…«Сколиоз, аллергия на крыжовник, и к тому же в детстве занималась самыми преступными видами спорта. С точки зрения какой-нибудь зачумленной супер-Линды Евангелисты… Академической греблей, например. Или толканием ядра, ежу понятно… Куда только смотрели имбецилы-родители, так испохабить девчонку! Бедная ты бедная, а со спиной у тебя труба… Не те позы принимаешь, когда дело доходит до секса. Если, конечно, вообще доходит до него, а не до сносок в «Камасутре», – думал патологоанатом.
«Совсем не похожа на красавчика-брата-погибель-всех-швей-мотористок. Крановщиц из пригорода, приемщиц ателье и кондукторов с высшим филологическим… Даже мои ботинки больше смахивают на красавчика, чем она.
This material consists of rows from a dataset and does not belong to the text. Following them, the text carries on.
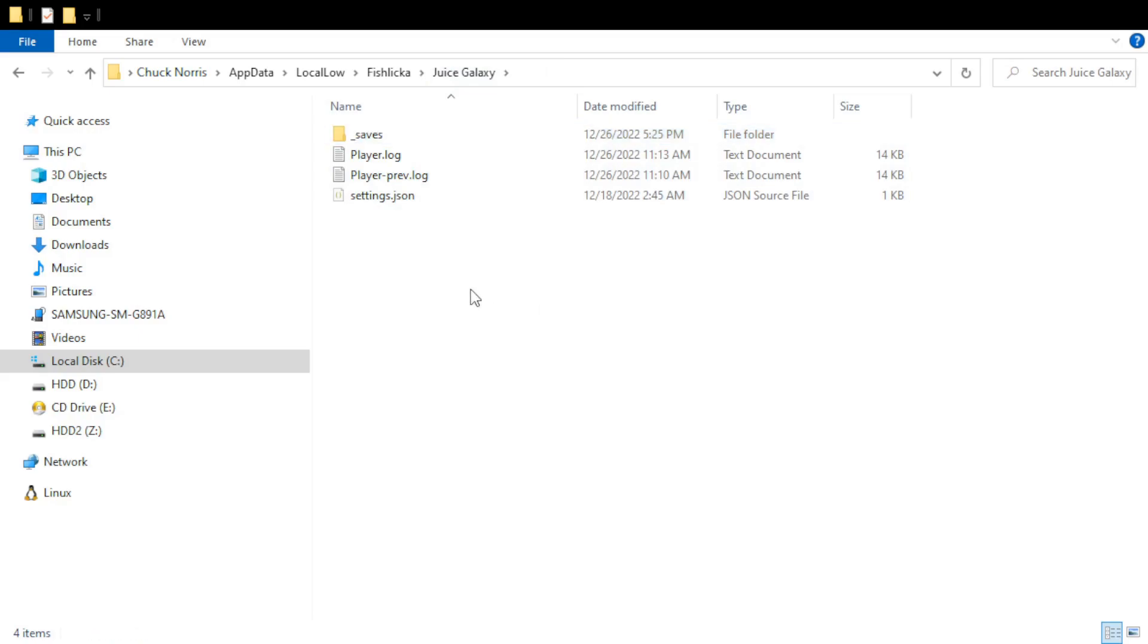Because the game will create a new saves folder and if the reason that the game was crashing is because you had a corrupted save file, since you've renamed it, the game won't be looking at those files anymore. So that's just a good quick way to see if one of your characters is causing that problem.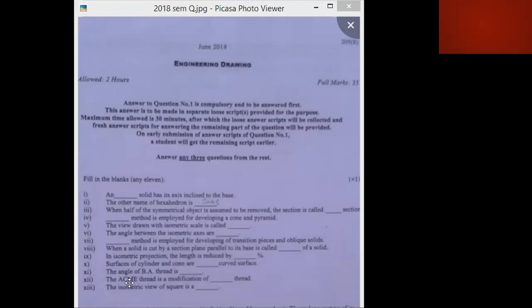The Acme thread is a modification of the square thread. The isometric view of a square is a rhombus. These are the answers.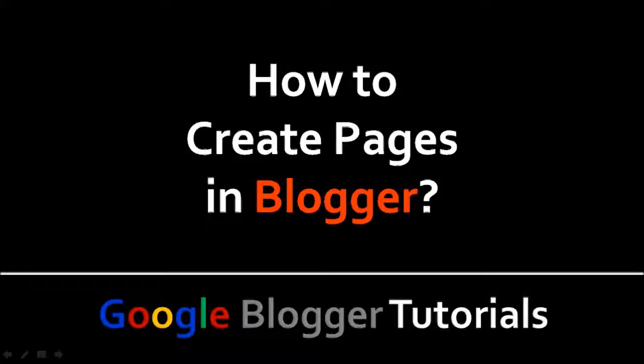Hi, this is Anthony Godino with a tutorial on how to create pages in Blogger. I'm assuming you already have basic knowledge of Blogger and already have a blog. If not, you can watch my Blogger videos on my YouTube channel to learn more.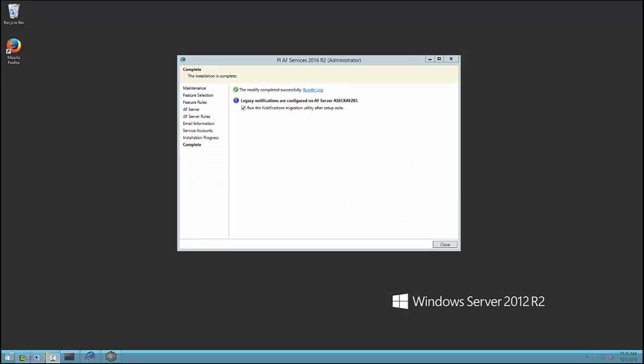In this video, I will show you how to use the notifications migration tool to convert legacy notifications into notification rules. As you probably know by now, notification rules are a new type of objects introduced in PI AF 2016. These objects are completely different from the ones you may have been used to if you had PI Notifications 2012 or earlier.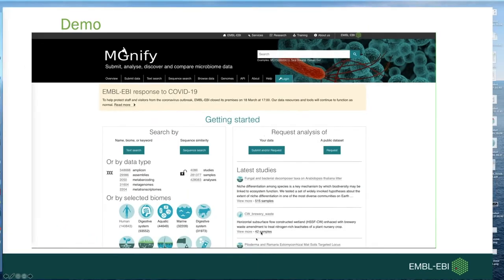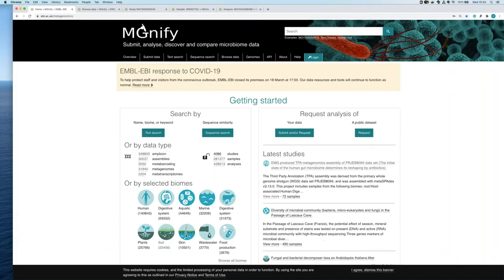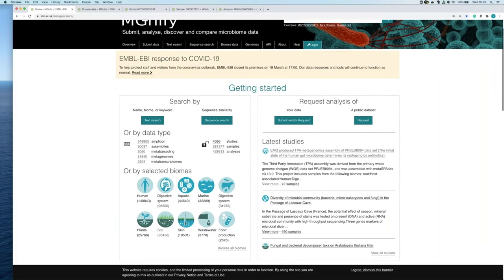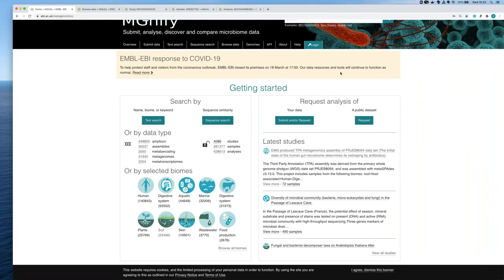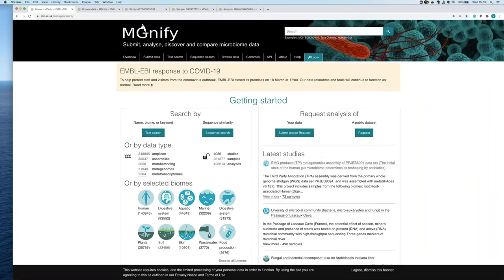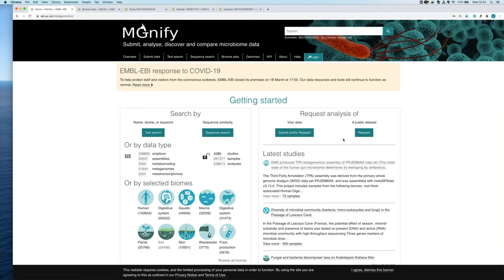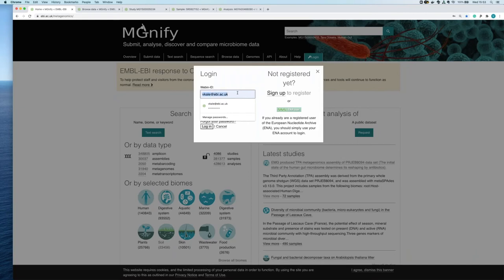Now I'll switch over to the website and give you a run-through of how to navigate it. This is the MGnify homepage — to submit a request for a public dataset click 'Request' here, or for a private pre-publication dataset use the other option. You'll need to log in with a Webin account, which we associate with each request. Everything currently on the site is public; if you have pre-publication data you've submitted, you can log in with your Webin account to access it.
Даже шнурки от ботинок. Бедная ты бедная, а растреклятым онучам самое место в мусоропроводе. Три года оттаскал, пора и честь знать», – думал следователь.
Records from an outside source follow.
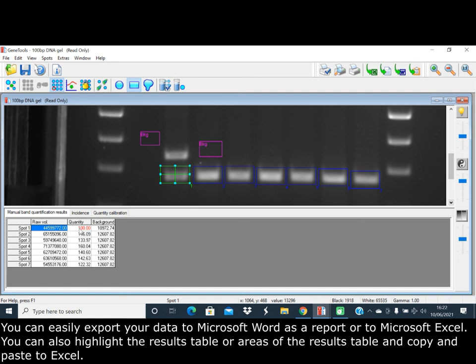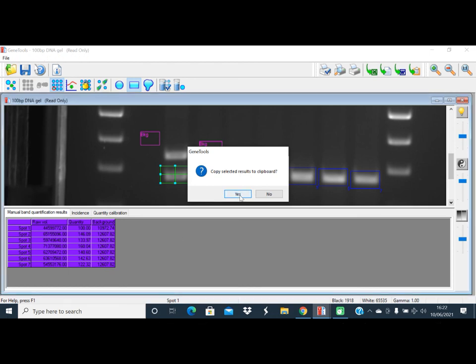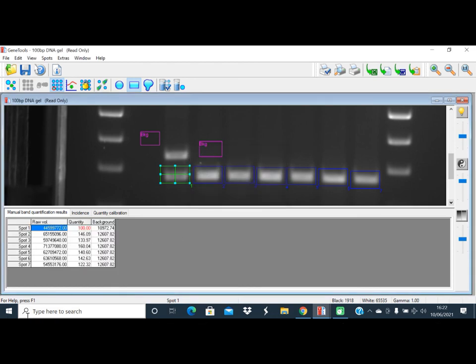You can also highlight the results table or areas of the results table and copy and paste to Excel.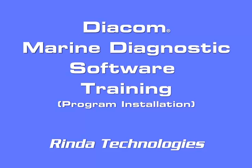Welcome to another Diacom information session. This session is brought to you by Renda Technologies and covers features of the Diacom Marine Diagnostics Software. These sessions are designed to give you a better understanding of the operation of the Diacom software. Thank you for watching.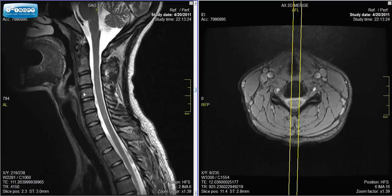The spine is right here. As we saw in the lumbar spine, the larger, lighter areas are the bones, and the spaces between are the discs, which are made out of cartilage.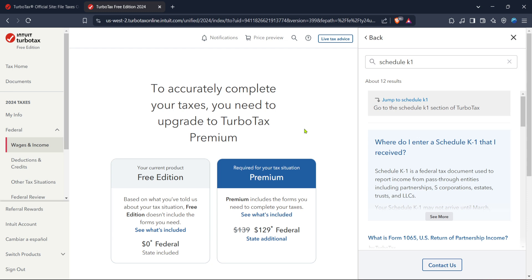And just like that, you've manoeuvred through TurboTax and learnt how to enter and issue a K-1 form effectively. Remember, the ease of TurboTax relies heavily on taking advantage of tools like the search function, and being ready to upgrade when necessary to ensure your taxes are done accurately and all obligations are met. Thank you for joining me today, and I hope this guide helps make your tax filing a breeze.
«Голубок и горлица никогда не ссорятся… Этого не может быть. Не может. Не может… Все, что угодно. Только не это. Голубок и горлица никогда не ссорятся. Никогда. Бедный ты бедный, а виноград?.. Целая сумка винограда и твои любимые гранаты… Что я теперь с ними буду делать?» – думала Настя.
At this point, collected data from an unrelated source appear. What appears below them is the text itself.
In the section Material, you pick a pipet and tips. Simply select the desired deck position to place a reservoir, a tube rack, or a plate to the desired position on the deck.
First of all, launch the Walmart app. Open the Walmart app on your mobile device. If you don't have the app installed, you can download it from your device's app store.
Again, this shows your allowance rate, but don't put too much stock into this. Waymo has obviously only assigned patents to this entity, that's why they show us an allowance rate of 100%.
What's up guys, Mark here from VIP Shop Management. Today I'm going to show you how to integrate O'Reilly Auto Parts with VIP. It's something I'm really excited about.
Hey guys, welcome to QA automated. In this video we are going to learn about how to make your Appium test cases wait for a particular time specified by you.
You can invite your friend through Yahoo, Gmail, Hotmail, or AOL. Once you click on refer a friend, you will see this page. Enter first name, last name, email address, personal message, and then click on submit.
– Прошу, – промурлыкал патологоанатом игривым тоном, более уместным для бокала шампанского с последующим приглашением на танец, чем для морга судебной экспертизы.
Следователь посмотрел на него с привычной укоризной и дернул подбородком: креста на тебе нет, мясник-расстрига, дневальный по бойне, креста на тебе нет.
Конечно, нет.
Патологоанатом осклабился и подмигнул следователю разбойной серьгой в ухе: конечно, нет! Я же буддист. И все мои покойнички, выпотрошенные и пронумерованные, тоже приобщаются, ожидают реинкарнации, ковыряясь в мертвых носах. Под белыми простынками. А белый, как известно, цвет траура на родине папаши-Шакьямуни, так что все приличия соблюдены.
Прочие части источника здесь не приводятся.